Which lines run from the one containing "Shelly's Quotes #876272" to the end of the material below? Copy them exactly, pictures excluded.

DATA SECTION Block Start

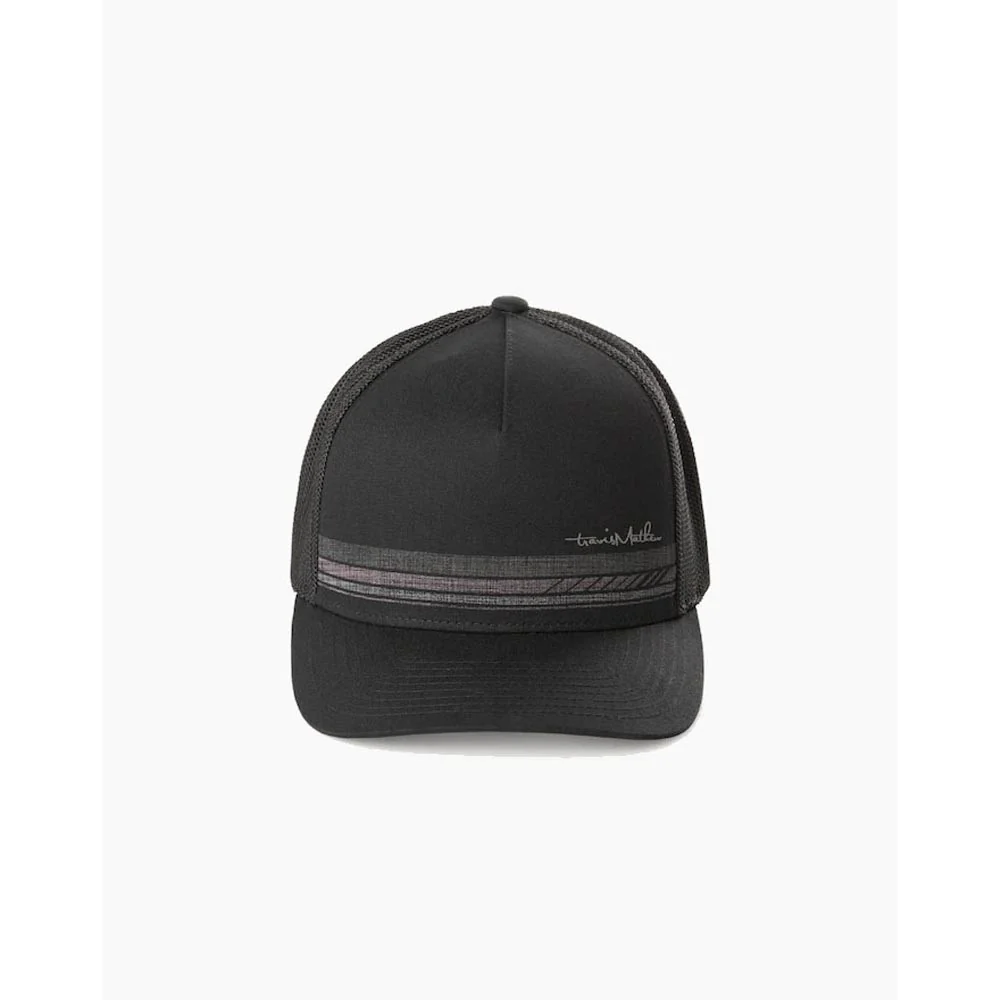 Travis Mathew Solidarity Hat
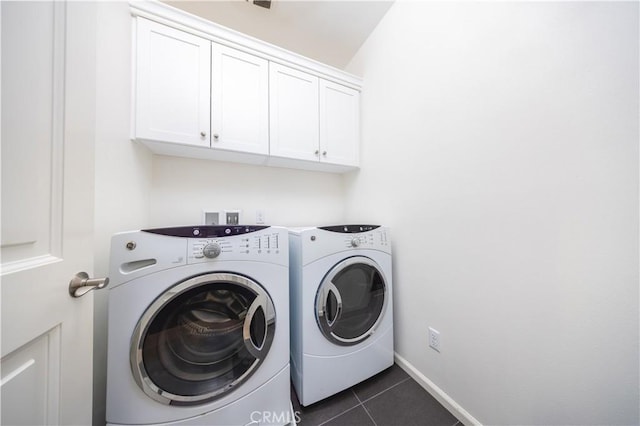 154 Firefly, Irvine, CA 92618 - photo 15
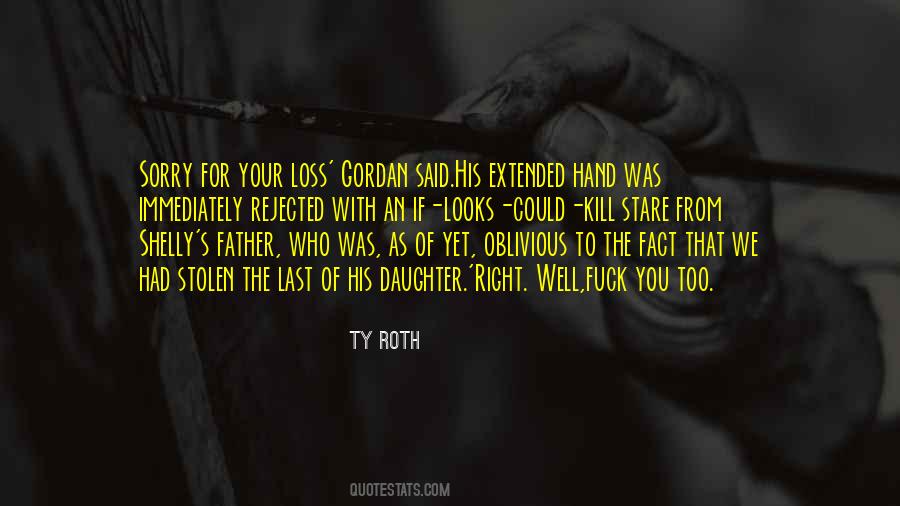 Shelly's Quotes #876272
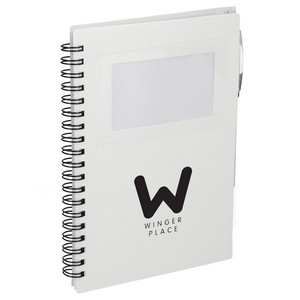 SM-5281WHAngle-Right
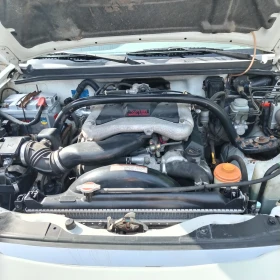 Suzuki Grand vitara XL7, снимка 4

DATA SECTION Block End

▶ RESPONSE TO THE TASK:
 Shelly's Quotes #876272
 SM-5281WHAngle-Right
 Suzuki Grand vitara XL7, снимка 4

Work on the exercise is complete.